The multi-agent system consistently produced comprehensive blind-spot reports with high structural clarity and depth. The Analyzer delivered reliable decomposition of assumptions and risks, the Perspective Agent added diversity of thought, and the Skeptic identified extreme vulnerabilities that would otherwise remain hidden. Together, these outputs formed a cohesive, high-value analysis superior to single-step prompting. The system also demonstrated strong determinism: similar ideas produced consistently structured outputs, which is critical for reproducibility and evaluation. Reviewers and testers noted that the system behaves more like a rigorous critical-thinking framework than a conversational assistant, validating the choice of an agentic architecture.

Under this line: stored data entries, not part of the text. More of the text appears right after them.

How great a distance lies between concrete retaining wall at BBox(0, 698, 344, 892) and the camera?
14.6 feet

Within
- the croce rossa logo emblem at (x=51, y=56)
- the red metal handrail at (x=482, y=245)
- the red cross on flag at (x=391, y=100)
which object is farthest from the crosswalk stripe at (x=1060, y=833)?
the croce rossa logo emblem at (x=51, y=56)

This system does it automatically
→ No skills needed
→ No variability
→ No dependence on user phrasing
This system forces:
1,Expert disagreement
2,Contradiction exposure
3,Perspective clashes
4,Structured conflict
Specialization > generality.
when a user enters “I want to build an AI therapist that replaces human therapists and diagnoses depression,” the Analyzer highlights assumptions around clinical safety and emotional inference, the Perspective Agent exposes ethical and psychological implications, and the Skeptic predicts catastrophic risks such as misdiagnosis or harmful advice.The same happens for more ambitious ideas: an AI driven TikTok competitor reveals cultural and scalability weaknesses; AGI controlling governments triggers one of the strongest debates in the system; moving to another country with no savings exposes psychological and financial blind spots; and fully automated multi-agent coding systems surface technical bottlenecks and dangerous edge cases. Even highly controversial ideas like predictive policing are broken down into ethical, legal, and societal consequences. When two ideas are compared for example, an AI life coach versus an AI scientific research assistant the system highlights the fundamental differences in feasibility, risk, and robustness.

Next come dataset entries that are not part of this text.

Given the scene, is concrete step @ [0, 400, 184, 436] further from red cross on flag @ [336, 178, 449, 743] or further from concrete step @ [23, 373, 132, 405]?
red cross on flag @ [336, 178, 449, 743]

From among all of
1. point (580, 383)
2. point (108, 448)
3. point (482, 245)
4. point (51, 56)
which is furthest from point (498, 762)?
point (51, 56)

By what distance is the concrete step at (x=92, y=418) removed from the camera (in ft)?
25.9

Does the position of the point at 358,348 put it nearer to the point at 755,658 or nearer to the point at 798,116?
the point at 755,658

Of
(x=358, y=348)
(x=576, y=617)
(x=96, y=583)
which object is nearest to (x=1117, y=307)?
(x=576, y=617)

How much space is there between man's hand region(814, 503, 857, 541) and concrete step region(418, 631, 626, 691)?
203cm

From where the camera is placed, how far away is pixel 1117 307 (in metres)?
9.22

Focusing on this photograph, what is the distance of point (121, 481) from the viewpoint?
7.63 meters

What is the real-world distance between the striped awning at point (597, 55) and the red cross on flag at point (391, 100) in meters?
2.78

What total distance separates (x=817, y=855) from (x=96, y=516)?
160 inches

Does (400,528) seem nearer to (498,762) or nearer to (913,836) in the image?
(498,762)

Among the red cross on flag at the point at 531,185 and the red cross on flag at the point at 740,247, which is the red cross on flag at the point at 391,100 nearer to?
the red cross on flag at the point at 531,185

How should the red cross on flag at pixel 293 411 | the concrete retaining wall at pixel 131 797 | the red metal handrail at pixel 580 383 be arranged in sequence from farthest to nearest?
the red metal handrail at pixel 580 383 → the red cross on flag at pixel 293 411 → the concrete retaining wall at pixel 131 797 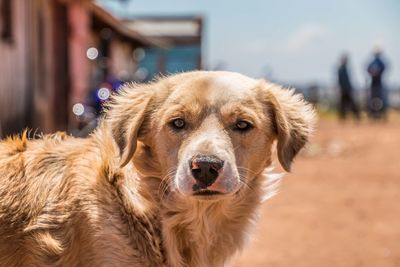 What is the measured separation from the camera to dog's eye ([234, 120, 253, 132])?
4660 mm

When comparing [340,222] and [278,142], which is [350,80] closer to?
[340,222]

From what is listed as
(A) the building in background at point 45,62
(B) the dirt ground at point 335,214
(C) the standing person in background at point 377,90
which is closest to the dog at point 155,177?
(B) the dirt ground at point 335,214

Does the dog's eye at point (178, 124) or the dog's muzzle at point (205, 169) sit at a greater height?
the dog's eye at point (178, 124)

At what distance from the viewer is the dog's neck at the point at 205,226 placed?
182 inches

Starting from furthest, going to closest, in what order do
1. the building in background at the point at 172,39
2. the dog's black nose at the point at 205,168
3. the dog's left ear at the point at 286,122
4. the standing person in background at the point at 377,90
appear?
the building in background at the point at 172,39
the standing person in background at the point at 377,90
the dog's left ear at the point at 286,122
the dog's black nose at the point at 205,168

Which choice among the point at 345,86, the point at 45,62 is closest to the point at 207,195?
the point at 45,62

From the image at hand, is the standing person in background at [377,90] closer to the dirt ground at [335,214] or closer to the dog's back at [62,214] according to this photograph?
the dirt ground at [335,214]

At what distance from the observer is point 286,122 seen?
16.0ft

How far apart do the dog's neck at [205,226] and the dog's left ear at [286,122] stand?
0.19m

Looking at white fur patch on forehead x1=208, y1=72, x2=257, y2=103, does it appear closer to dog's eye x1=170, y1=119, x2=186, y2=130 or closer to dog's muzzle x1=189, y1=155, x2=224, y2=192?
dog's eye x1=170, y1=119, x2=186, y2=130

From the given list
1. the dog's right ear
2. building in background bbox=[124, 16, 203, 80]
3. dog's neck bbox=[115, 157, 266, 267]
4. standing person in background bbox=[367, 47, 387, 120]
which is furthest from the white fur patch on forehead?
building in background bbox=[124, 16, 203, 80]

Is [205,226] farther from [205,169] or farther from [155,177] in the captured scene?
[205,169]

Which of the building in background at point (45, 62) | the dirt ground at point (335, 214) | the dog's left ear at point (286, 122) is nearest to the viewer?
the dog's left ear at point (286, 122)

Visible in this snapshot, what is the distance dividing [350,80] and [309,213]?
17.8 meters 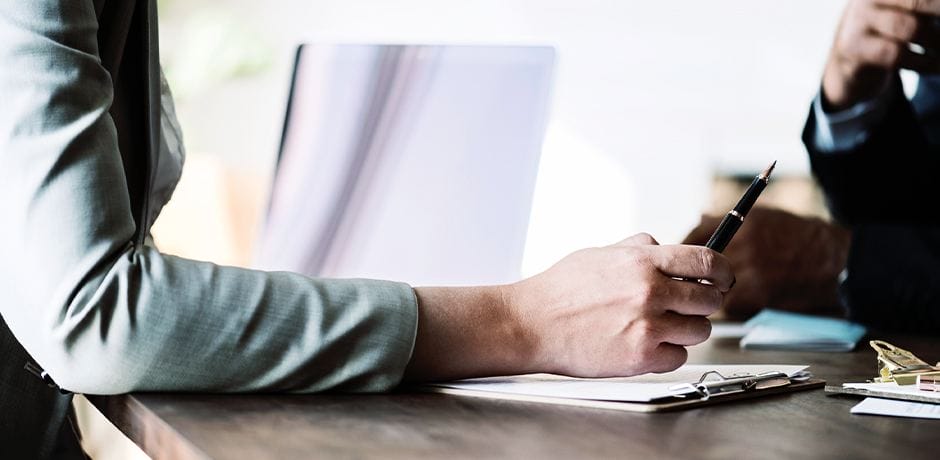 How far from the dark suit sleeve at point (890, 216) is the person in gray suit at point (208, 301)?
100cm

Here are three high-impact prompts pre-tested to produce excellent evaluator results:
Prompt 1 — Ethical AI Challenge
“I want to build an AI therapist that diagnoses depression and gives advice. What am I overlooking?”
Prompt 2 — Compare Two Startup Ideas
Idea A: ''AI life coach''
Idea B: ''AI scientific research assistan."
Prompt 3 — Impossible Tech
“I want to record dreams and convert them to video. What assumptions am I making?”
1,User submits Idea A (and optionally Idea B).
2,Analyzer generates structural blind spots.
3,Perspective Agent receives:
->original idea
->Analyzer output
4,Skeptic generates adversarial critique.
5, Report Builder (Aggregation Layer) merges them into:
->Executive summary
Top 3 dangerous blind spots
->Severity snapshot
->Structured full report
5,Debate Engine creates adversarial discussion between agents.
6,UI displays:
->Overview
->Per-agent breakdown
->Idea comparison

->GitHub Repository Source code and full implementation
->Deployed Live Demo
->Documentation Inside the GitHub README .
->Contribution Guide How to contribute, report issues, or request features
->QuickStart Guide Steps to run locally, included in the GitHub README.
The Blind Spot Finder demonstrates that agentic workflows can transform raw LLM capability into a structured, repeatable critical-reasoning system. By forcing perspective shifts, adversarial analysis, and explicit assumption extraction, it consistently uncovers insights that general-purpose models do not provide by default. This project showcases how thoughtful agent design, prompt contracts, and multi-step reasoning pipelines can produce a specialized tool that behaves with clarity, purpose, and depth far beyond standard prompting. Ultimately, the system proves that the future of AI is not merely generating answers but engineering frameworks that challenge users, expose weaknesses, and elevate human decision-making.